(Provided records Opens)

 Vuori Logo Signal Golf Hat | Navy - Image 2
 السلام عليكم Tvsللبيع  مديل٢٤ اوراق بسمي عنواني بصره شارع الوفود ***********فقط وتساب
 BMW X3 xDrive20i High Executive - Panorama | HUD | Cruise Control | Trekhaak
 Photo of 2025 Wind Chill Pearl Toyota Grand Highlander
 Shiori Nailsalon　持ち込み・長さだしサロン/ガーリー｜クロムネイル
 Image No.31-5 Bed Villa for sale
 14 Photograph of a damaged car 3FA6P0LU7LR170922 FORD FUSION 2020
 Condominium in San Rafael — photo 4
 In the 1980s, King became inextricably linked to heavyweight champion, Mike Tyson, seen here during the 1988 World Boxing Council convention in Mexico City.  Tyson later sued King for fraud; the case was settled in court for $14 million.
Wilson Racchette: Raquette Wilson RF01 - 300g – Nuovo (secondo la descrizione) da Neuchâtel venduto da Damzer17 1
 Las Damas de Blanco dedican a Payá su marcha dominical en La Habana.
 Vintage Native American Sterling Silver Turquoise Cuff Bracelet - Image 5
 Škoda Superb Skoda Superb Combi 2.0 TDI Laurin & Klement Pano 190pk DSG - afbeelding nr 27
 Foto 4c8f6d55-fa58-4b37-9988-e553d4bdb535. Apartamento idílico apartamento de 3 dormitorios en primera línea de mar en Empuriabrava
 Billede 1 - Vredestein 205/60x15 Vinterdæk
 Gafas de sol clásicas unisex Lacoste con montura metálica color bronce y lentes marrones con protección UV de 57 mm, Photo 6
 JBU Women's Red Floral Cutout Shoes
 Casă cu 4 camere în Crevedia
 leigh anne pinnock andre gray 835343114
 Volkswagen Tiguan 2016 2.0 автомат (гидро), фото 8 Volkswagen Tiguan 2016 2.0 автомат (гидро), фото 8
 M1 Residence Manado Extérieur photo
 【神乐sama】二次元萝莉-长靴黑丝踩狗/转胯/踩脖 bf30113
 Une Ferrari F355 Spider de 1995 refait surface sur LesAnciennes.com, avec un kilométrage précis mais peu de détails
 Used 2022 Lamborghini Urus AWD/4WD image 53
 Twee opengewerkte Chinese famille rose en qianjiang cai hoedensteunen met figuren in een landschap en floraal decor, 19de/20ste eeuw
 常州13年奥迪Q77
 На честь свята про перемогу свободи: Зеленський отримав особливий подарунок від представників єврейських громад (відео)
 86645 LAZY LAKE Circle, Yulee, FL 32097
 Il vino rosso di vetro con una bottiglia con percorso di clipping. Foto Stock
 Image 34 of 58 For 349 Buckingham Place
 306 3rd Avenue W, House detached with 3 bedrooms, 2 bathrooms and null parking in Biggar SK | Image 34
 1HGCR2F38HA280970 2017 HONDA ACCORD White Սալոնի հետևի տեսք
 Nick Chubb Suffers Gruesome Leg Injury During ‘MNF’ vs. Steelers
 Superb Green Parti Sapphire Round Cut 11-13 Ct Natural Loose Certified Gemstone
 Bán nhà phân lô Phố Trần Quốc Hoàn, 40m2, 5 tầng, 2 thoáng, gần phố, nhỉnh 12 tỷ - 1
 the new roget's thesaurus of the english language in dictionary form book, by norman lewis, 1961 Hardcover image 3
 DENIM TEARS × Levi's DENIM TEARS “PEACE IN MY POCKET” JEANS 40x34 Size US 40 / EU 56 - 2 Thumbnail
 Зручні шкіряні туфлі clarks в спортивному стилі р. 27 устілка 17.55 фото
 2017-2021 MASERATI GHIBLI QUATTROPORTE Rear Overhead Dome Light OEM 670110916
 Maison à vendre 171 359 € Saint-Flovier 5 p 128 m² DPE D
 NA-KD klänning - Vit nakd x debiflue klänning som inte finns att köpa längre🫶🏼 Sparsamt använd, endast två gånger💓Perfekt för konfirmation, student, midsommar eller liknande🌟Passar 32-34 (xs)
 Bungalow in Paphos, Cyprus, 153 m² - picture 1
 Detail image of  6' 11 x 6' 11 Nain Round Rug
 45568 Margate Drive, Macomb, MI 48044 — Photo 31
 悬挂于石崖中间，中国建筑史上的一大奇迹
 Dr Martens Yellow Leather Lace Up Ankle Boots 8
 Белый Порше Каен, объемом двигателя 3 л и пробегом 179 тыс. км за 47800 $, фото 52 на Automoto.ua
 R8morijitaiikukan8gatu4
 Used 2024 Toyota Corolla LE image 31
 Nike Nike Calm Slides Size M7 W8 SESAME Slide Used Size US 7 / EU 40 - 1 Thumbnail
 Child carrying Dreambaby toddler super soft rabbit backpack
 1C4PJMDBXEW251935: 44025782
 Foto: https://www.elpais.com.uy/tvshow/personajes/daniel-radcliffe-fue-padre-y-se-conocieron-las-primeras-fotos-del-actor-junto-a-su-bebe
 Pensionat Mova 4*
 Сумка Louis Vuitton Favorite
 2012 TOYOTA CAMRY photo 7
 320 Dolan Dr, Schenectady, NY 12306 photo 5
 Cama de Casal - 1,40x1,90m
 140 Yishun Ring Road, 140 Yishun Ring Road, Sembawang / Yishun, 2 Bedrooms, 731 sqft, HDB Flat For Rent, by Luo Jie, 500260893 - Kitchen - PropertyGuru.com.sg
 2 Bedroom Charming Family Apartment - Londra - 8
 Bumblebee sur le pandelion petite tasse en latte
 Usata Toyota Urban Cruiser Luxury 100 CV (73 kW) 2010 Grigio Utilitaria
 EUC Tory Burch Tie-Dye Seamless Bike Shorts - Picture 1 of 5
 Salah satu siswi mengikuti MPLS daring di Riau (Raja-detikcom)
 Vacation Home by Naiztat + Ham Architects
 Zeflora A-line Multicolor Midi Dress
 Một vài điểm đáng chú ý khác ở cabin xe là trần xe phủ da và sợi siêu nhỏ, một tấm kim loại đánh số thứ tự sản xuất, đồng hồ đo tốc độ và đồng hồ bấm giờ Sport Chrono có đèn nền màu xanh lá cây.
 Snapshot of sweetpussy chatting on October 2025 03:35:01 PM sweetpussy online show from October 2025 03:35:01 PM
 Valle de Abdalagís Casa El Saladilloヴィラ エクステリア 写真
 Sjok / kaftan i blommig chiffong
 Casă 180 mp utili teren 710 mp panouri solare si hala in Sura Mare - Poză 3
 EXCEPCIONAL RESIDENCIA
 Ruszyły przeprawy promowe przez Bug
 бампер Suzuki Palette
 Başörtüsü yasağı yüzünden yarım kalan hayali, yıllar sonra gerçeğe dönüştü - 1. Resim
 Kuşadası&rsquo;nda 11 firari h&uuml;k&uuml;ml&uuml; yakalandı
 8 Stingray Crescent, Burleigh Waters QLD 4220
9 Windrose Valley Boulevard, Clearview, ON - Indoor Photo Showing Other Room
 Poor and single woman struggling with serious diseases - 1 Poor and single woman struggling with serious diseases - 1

(Provided records Closes)

= Your instructions =
Every line of the data that includes the word "Round" should be copied.

= Answer to the problem =
 Superb Green Parti Sapphire Round Cut 11-13 Ct Natural Loose Certified Gemstone
 Detail image of  6' 11 x 6' 11 Nain Round Rug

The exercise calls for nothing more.